### EXERCISE OBJECTIVE:
In the listing that follows, the range to quote begins at the line that has "Diş ipinin çocuk" and ends after the line that has "girl in black"; quote it verbatim and add nothing.

=== SOURCE MATERIAL ===

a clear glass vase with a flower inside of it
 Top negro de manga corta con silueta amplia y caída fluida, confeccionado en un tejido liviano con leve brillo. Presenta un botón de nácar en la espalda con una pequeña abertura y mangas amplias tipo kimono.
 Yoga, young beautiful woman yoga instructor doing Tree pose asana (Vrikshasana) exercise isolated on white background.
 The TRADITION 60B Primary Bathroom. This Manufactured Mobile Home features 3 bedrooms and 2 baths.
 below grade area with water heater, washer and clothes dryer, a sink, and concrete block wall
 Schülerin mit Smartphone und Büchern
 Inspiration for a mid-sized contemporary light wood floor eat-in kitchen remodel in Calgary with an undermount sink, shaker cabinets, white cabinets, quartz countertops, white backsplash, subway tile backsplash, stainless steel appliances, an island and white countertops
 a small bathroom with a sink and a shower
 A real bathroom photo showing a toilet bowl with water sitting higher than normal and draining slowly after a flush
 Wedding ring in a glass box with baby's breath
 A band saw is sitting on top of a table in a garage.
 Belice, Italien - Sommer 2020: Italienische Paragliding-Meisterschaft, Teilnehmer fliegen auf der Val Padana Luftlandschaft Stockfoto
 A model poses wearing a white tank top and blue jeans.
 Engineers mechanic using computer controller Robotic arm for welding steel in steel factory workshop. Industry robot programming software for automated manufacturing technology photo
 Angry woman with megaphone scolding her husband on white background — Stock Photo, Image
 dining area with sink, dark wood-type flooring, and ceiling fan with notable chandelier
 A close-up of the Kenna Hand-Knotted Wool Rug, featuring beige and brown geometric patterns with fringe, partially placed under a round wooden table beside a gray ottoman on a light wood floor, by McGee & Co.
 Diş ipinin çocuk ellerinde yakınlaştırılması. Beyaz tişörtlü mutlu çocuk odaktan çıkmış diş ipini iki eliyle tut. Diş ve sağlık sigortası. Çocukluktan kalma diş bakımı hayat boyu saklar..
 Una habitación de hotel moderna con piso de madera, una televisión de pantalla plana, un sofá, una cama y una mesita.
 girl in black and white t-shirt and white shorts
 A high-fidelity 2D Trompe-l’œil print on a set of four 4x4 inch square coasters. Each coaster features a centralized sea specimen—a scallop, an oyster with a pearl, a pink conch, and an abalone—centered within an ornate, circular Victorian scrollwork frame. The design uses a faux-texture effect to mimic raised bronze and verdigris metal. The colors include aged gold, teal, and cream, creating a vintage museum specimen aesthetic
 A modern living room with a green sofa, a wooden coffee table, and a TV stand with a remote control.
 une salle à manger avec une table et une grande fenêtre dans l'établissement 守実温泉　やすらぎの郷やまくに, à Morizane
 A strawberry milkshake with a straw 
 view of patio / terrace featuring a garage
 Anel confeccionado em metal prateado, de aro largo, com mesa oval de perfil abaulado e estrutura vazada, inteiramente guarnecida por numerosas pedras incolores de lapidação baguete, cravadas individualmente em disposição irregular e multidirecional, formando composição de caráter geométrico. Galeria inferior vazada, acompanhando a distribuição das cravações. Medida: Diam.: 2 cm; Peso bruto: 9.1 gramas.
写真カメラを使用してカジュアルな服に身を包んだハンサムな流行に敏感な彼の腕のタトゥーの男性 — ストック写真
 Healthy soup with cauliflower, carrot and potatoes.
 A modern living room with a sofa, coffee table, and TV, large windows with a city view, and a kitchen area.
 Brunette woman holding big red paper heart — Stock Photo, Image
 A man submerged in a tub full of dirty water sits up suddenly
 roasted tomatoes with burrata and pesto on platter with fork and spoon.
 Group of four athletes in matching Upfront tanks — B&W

===

### PROBLEM SOLUTION:
 Diş ipinin çocuk ellerinde yakınlaştırılması. Beyaz tişörtlü mutlu çocuk odaktan çıkmış diş ipini iki eliyle tut. Diş ve sağlık sigortası. Çocukluktan kalma diş bakımı hayat boyu saklar..
 Una habitación de hotel moderna con piso de madera, una televisión de pantalla plana, un sofá, una cama y una mesita.
 girl in black and white t-shirt and white shorts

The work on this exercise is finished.